To sum up: it was the Bible which trained printers and translators and thereby made a noble contribution to modern civilisation and literature; on the other hand, it was printing and translating which made it possible for the Bible to become the popular book that ruled daily life.
VII
THE BIBLE RULES DAILY LIFE (1550-1850)
The Reformation gave the Bible a new position—not that there had been no Bible before, nor that the Bible had had no influence. We have seen that there were numbers of Bibles, in Latin as well as in the vernacular, and that the Bible had been one of the foundations of mediæval civilisation, yet it was only by Luther's translation and the other versions made on his model that the Bible became a really popular book, and it was only by the Reformation that the Bible was established as the authority for daily life in a modern, that is, non-ascetic, sense.

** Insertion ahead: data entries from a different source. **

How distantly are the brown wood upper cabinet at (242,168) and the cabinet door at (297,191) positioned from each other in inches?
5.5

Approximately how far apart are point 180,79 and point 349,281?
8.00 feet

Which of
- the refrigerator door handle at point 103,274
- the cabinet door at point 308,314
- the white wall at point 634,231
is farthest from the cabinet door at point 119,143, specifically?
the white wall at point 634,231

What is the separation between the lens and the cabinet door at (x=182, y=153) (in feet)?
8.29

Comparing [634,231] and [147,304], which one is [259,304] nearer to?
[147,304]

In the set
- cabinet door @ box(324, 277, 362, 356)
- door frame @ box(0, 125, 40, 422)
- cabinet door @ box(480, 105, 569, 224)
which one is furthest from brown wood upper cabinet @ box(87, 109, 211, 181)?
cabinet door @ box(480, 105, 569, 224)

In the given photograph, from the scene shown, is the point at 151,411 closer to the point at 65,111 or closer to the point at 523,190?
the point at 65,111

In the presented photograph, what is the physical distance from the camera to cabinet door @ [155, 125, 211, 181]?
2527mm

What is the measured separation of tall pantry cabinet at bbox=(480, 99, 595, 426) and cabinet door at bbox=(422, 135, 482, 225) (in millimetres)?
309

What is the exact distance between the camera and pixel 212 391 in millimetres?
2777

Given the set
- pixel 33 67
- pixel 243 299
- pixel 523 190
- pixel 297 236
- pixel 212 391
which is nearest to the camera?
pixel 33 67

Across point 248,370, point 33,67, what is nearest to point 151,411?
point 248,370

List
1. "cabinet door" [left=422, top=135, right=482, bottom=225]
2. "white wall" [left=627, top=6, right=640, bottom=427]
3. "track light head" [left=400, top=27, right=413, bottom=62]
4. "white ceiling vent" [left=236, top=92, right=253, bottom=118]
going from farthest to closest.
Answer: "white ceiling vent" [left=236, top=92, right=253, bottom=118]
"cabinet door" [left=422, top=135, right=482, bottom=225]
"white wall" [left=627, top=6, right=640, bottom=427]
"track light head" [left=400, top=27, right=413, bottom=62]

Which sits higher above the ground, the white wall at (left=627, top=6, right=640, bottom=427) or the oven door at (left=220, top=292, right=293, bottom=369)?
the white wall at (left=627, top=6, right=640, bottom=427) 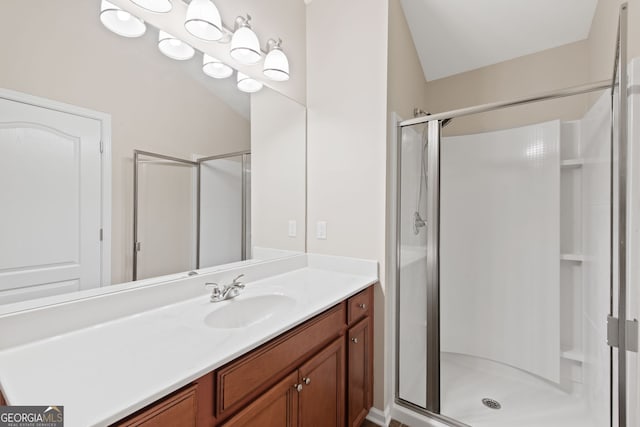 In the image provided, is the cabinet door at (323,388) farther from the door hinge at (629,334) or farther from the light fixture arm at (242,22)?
the light fixture arm at (242,22)

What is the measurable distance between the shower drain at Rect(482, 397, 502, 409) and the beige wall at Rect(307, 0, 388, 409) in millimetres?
744

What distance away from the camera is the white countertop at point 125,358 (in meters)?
0.60

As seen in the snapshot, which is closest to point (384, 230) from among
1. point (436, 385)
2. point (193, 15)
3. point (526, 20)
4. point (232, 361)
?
point (436, 385)

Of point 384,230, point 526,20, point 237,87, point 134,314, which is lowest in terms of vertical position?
point 134,314

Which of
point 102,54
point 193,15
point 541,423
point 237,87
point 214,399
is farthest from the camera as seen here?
point 541,423

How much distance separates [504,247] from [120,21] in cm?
263

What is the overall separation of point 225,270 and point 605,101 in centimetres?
205

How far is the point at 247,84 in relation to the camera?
163 cm

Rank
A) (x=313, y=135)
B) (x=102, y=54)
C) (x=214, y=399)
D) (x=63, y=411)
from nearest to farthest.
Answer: (x=63, y=411) → (x=214, y=399) → (x=102, y=54) → (x=313, y=135)

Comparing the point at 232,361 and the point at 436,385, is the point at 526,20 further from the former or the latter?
the point at 232,361

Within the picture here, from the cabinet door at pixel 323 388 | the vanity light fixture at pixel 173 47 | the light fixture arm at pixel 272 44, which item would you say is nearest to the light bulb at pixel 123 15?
the vanity light fixture at pixel 173 47

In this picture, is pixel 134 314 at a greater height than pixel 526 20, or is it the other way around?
pixel 526 20

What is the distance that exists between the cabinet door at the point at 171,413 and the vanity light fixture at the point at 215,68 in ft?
4.45

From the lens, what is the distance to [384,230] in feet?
5.49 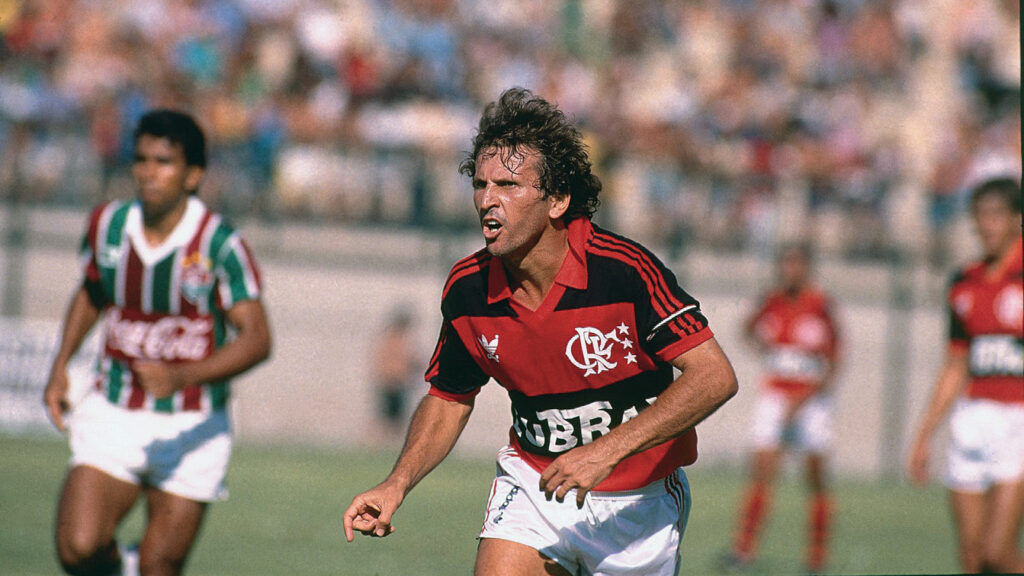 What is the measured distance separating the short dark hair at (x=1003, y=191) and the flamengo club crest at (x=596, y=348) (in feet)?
12.9

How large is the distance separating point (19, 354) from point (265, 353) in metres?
12.5

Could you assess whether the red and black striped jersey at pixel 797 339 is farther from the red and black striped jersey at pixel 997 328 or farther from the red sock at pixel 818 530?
the red and black striped jersey at pixel 997 328

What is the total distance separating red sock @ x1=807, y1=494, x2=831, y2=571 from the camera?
438 inches

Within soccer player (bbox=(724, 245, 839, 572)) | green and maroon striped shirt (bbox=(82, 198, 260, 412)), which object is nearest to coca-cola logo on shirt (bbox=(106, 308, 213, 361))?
green and maroon striped shirt (bbox=(82, 198, 260, 412))

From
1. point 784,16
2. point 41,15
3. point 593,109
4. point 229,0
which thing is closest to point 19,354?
point 41,15

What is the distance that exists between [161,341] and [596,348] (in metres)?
2.68

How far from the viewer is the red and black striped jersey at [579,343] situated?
498cm

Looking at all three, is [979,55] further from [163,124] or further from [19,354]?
[163,124]

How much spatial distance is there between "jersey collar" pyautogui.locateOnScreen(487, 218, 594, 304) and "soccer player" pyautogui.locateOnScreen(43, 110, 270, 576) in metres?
1.85

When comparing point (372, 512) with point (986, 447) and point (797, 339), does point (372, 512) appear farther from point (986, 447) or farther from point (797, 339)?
point (797, 339)

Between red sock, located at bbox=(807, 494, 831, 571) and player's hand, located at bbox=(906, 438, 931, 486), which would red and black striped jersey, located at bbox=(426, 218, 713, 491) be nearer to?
player's hand, located at bbox=(906, 438, 931, 486)

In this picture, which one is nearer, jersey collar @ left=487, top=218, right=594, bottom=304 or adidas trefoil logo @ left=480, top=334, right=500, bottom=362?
jersey collar @ left=487, top=218, right=594, bottom=304

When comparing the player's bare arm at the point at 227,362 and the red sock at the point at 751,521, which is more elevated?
the player's bare arm at the point at 227,362

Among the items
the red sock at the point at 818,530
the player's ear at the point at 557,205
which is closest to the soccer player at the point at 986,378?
the red sock at the point at 818,530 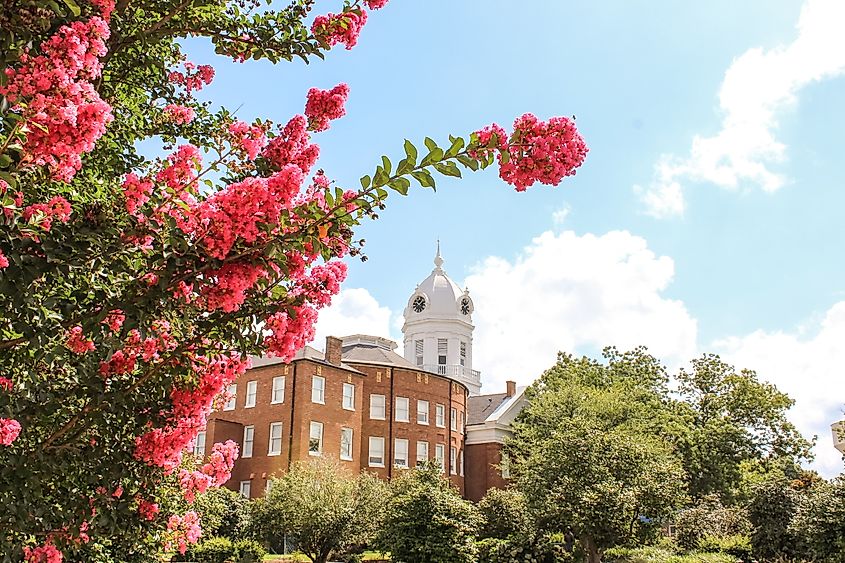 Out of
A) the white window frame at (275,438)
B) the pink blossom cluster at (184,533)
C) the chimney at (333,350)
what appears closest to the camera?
the pink blossom cluster at (184,533)

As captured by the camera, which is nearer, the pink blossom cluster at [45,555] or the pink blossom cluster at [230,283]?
the pink blossom cluster at [230,283]

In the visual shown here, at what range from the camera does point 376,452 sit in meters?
41.8

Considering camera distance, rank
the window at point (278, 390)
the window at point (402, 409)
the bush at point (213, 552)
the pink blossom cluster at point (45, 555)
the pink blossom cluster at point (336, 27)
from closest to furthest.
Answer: the pink blossom cluster at point (45, 555) → the pink blossom cluster at point (336, 27) → the bush at point (213, 552) → the window at point (278, 390) → the window at point (402, 409)

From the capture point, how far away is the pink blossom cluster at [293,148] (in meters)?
5.20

The two points insisted on by all the reformers were, first, that the Bible is perspicuous, that is, that every reader can by himself find out in his Bible what is essential for salvation; and, secondly, that the Bible is sufficient. The Christian does not need anything else; the Bible tells him everything which he requires—of course in its own domain, religion, or, to use the language of that time, the "doctrine of salvation." By the Reformation the Bible got rid of all its rivals, such as tradition, Apocrypha, legend, canon law, and so on. It is wonderful to see—and I doubt if modern Christianity has realised the fact in all its importance—how by the preaching of the reformers all these things, which hitherto had been thought of as integral parts of Christianity, simply fell away. No cult of the saints, no adoration of their images, no legends, no fancy, no merriment connected with religion, but the pure Bible and the stern doctrine of it and the austere attitude of Puritanism corresponding to it were now uppermost. Nay, the letter of the Bible was binding in a stricter sense than it had ever been before. Catholicism made it possible to mitigate the strictness by allegorical interpretation; Protestantism insisted upon taking the Bible in its literal sense. There was now no way of escape; a man had to take whatever the Bible said or refuse the Bible altogether. In principle the mystery had gone; the Bible was plain and made itself understood.

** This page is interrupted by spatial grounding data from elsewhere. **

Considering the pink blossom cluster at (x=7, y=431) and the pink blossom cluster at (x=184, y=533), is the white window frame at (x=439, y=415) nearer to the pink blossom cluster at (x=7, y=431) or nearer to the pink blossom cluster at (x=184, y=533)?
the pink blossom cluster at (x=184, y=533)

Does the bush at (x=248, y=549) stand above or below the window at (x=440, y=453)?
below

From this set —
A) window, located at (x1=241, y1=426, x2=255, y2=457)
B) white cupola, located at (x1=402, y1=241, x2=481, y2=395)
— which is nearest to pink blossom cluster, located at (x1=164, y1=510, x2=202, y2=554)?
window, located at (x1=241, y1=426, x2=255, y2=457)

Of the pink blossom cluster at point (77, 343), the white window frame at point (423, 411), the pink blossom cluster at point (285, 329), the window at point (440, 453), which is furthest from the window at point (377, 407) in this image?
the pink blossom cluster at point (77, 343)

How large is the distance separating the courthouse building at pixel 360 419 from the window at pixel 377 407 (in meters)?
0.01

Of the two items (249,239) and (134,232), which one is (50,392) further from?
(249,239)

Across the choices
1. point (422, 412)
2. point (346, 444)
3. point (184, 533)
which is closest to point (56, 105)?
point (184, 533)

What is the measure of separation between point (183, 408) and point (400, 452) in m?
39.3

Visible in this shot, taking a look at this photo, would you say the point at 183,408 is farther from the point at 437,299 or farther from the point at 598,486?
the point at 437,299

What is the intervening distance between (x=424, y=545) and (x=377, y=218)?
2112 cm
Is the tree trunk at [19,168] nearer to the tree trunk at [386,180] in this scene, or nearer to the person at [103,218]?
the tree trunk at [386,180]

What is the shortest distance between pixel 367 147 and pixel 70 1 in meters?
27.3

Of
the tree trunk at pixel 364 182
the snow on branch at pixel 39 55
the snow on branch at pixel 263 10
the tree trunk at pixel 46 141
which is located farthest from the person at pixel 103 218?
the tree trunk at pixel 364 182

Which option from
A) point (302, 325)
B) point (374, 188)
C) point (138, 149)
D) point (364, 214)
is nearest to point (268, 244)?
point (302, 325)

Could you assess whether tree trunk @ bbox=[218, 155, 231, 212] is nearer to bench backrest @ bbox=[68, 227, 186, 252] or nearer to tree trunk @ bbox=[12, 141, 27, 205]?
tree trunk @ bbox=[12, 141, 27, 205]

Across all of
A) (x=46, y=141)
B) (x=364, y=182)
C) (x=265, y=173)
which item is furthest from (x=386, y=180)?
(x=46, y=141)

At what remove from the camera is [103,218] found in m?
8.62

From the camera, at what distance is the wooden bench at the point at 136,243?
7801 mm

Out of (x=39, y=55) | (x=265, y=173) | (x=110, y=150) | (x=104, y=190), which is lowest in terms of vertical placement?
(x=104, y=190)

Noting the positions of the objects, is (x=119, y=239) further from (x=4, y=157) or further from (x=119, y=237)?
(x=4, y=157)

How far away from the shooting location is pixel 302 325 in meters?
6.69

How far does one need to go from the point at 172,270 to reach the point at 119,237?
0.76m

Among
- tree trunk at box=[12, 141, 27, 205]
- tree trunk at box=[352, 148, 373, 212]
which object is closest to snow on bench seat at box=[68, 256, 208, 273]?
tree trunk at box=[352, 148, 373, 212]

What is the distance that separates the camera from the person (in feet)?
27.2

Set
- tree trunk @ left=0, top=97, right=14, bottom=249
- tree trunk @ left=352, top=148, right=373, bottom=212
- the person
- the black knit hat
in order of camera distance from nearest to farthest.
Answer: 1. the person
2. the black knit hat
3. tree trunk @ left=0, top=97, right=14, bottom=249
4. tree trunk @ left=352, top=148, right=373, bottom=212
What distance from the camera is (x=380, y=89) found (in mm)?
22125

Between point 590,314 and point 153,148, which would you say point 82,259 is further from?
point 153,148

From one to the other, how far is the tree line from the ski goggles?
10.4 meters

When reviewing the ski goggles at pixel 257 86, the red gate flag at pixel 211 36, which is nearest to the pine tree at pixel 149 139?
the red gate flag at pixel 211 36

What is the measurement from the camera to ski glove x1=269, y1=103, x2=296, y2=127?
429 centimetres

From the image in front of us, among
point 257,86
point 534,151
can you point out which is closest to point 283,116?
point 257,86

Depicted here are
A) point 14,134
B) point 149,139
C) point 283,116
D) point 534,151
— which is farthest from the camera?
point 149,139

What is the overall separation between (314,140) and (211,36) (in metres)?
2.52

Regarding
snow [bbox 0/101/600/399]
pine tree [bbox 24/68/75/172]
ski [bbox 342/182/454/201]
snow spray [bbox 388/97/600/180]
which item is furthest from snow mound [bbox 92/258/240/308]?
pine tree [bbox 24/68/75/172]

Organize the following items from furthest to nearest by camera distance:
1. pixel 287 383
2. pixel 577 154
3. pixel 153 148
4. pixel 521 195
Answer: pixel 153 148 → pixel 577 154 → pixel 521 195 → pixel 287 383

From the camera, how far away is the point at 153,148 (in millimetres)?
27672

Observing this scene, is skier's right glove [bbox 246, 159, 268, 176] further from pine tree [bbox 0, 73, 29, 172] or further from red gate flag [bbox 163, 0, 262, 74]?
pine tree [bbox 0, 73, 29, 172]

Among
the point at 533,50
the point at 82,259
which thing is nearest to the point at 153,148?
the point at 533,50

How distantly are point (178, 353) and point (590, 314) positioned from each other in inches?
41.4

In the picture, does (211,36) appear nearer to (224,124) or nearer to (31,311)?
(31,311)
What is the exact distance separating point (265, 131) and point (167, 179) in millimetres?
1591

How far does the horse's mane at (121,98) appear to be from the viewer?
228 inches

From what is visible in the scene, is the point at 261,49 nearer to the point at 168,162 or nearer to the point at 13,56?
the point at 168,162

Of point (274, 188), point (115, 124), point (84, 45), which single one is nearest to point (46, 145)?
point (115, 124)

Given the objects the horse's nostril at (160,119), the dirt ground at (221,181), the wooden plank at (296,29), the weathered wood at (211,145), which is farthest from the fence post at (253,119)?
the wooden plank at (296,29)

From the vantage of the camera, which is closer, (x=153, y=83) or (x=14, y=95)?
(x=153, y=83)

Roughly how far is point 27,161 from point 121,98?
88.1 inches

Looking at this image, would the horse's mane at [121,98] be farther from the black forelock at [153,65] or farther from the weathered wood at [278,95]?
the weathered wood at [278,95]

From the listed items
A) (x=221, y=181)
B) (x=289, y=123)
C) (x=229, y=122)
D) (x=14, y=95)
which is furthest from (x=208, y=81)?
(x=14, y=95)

It was the literal sense, as established by lexicon and grammar, which was to be followed. This caused the reformers to encourage and facilitate the study of the original languages of the Bible. When they tried to improve the grammar-schools and to found as many new ones as possible, it was not so much the humanistic delight in the classical languages as the desire to secure a sure knowledge of Greek and Hebrew which might enable a boy to read and to interpret the Bible. It is evident from many utterances both of Luther and Calvin that their aim in all their school work was to provide good preachers of the true gospel, or good teachers of the genuine doctrine of the Bible.
To be sure, there are differences of character, both personal and national, between the two great reformers, which account for a somewhat different development of their churches. In Luther's piety the joyful experience of salvation brings in a happy note; the children of God praise his love and grace. In Calvin's devotion the feeling prevails that God's majesty is above all creatures and that his holy will is the supreme rule for our life. Religion with Luther is bright and cheerful, whereas with Calvin it has a darker tinge. But both are building on the same foundation and with the same end in view: from salvation to salvation, from grace to grace. The difference is but one of attitude toward the present life.